John Donovan from Mother Nature Network summarises this elegantly:

"Example: Hindsight bias (also known as the "I knew it all along" bias) is the tendency to think that, looking back on an event, we should have seen it coming - even though there may be no rational reason that we actually should have known what was going to happen."

So what about frequency illusion? Well, the term was coined in 2006 by Arnold Zwicky, a linguist from Stanford University, who claims that frequency illusion is, in fact, two different processes happening at the same time: selective attention and confirmation bias.

The first process, selective attention, comes about when you learn anything new. Basically, when you learn something new, it stays fresh in your mind - you’re paying more attention to it than other things. Because of this, you see it more often when going about your daily life.

However, this very simple, logical process is amped up by confirmation bias, which is a cognitive bias that makes you "search for or interpret information in a way that confirms one's preconceptions, leading to statistical errors", reports ScienceDaily.

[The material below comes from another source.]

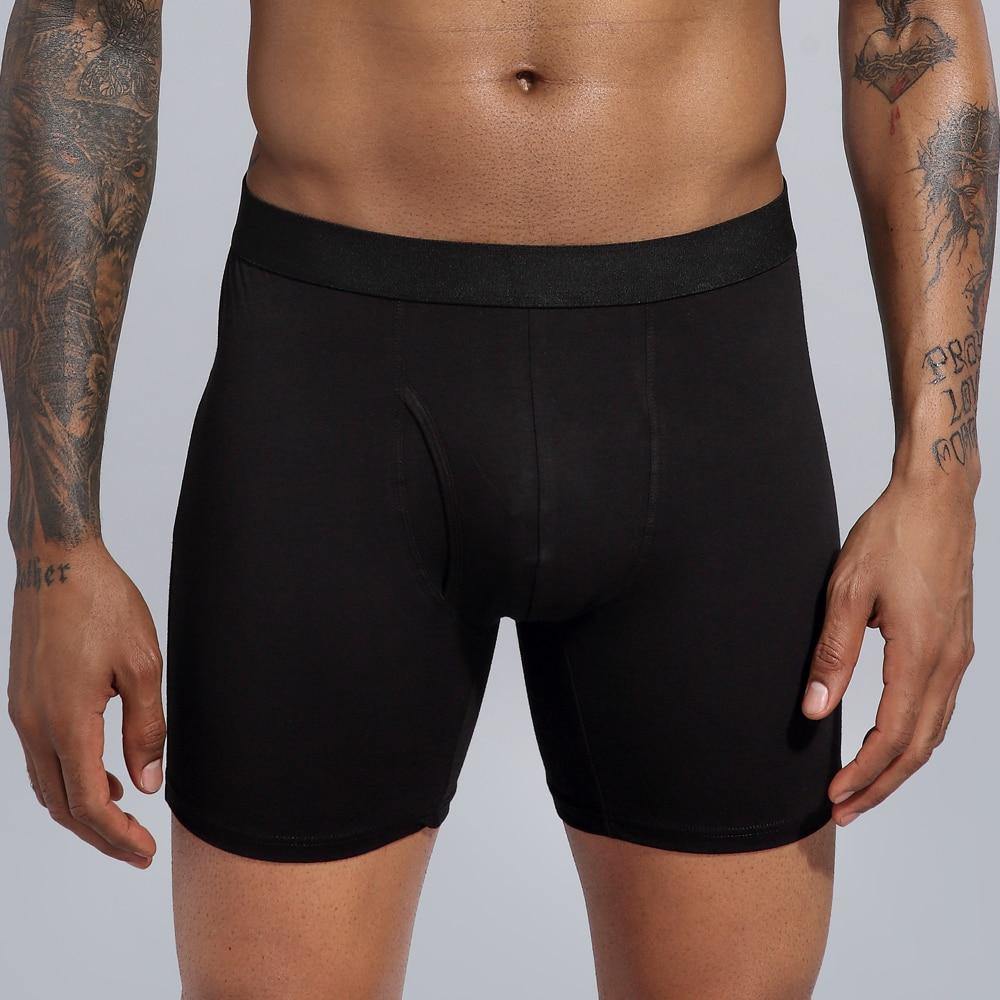Men's plus size cotton long underwear shorts by The Clothing Company Sydney, breathable boxer briefs for comfort and support.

This means that your mind is on the look-out for newly learned information because it’s still super fresh and interesting to you. At the same time, your mind sees these new words everywhere, thinks that it's weird, and tries to make it fit into some rational system.

 

In other words, because the information is new, you suddenly force yourself to believe that it's new to everyone and has suddenly popped up, when in reality, you’ve just stopped ignoring it.

The name Baader-Meinhof phenomenon actually started as a meme in 1994. Since frequency illusion was coined in 2006, people sort of just came up with a term to describe the weird feeling without having the science behind it. According to Pacific Standard:

"Baader-Meinhof phenomenon was invented in 1994 by a commenter on the St. Paul Pioneer Press' online discussion board, who came up with it after hearing the name of the ultra-left-wing German terrorist group twice in 24 hours. The phrase became a meme on the newspaper’s boards, where it still pops up regularly, and has since spread to the wider Internet."

So there you have it. You actually see new words more often and believe there’s some weird pattern at work because your mind is trying to make sense of new information. It just so happens that most of it is made up.